ViT expects 224×224 images. PyTorch models expect tensors, not PIL images. So, images should be normalized (mean/std scaling) for better training.
`datasets.ImageFolder` is a  `PyTorch` utility apllied to automatically label images based on folder names.

It applies the transform to each image on the fly when accessed.

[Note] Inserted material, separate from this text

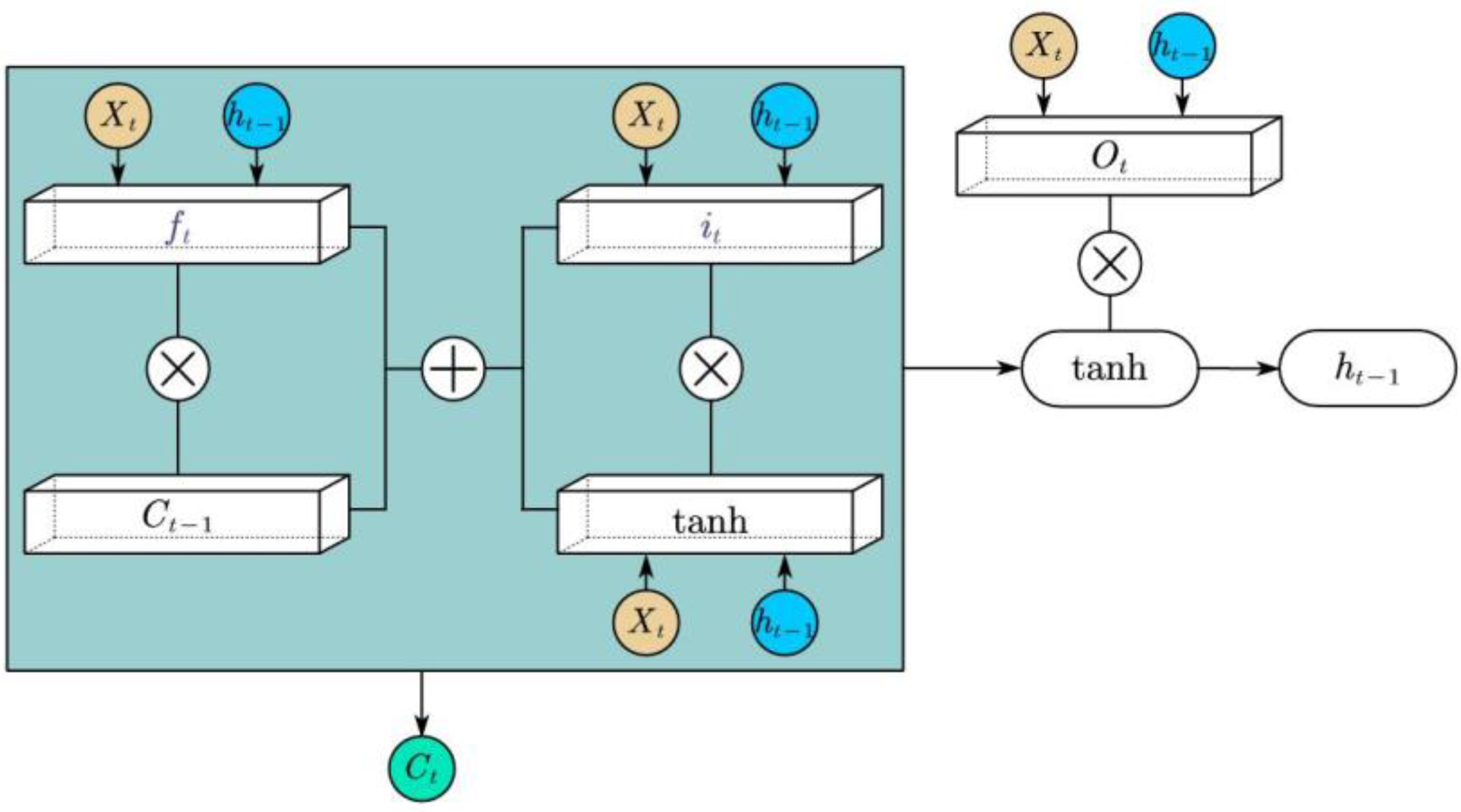 Applsci 13 07104 g003 Applsci 13 07104 g003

We, next,  chose Vision Transformer (ViT) from Hugging Face:

In [None]:
from transformers import ViTForImageClassification, ViTImageProcessor

model = ViTForImageClassification.from_pretrained(
    "google/vit-base-patch16-224-in21k",
    num_labels=2,   # Normal vs Pneumonia
    id2label={0: "NORMAL", 1: "PNEUMONIA"},
    label2id={"NORMAL": 0, "PNEUMONIA": 1}
)

 we use `d2label` to map numeric predictions to class names for easier interpretation and  `label2id` to map class names back to integers, needed during training. The following step is to use `DataLoader` as follows:

In [None]:
from torch.utils.data import DataLoader

train_loader = DataLoader(train_dataset, batch_size=32, shuffle=True)
val_loader   = DataLoader(val_dataset, batch_size=32)

## Training Step

We fine-tune the ViT on the  dataset using PyTorch’s training loop. First, we pass the model to the available device (the GPU)

In [None]:
import torch
from torch import nn, optim

device = torch.device("cuda" if torch.cuda.is_available() else "cpu")
model.to(device)

Next, fix some hyperparameters (Cross entropy for binary classification and Adam for backpropagation) and we execute small a training (3epochs):

In [None]:
criterion = nn.CrossEntropyLoss()
optimizer = optim.AdamW(model.parameters(), lr=5e-5)

for epoch in range(3):  # adjust epochs
    model.train()
    for images, labels in train_loader:
        images, labels = images.to(device), labels.to(device)
        outputs = model(images).logits
        loss = criterion(outputs, labels)

        optimizer.zero_grad()
        loss.backward()
        optimizer.step()

    print(f"Epoch {epoch+1}, Loss: {loss.item():.4f}")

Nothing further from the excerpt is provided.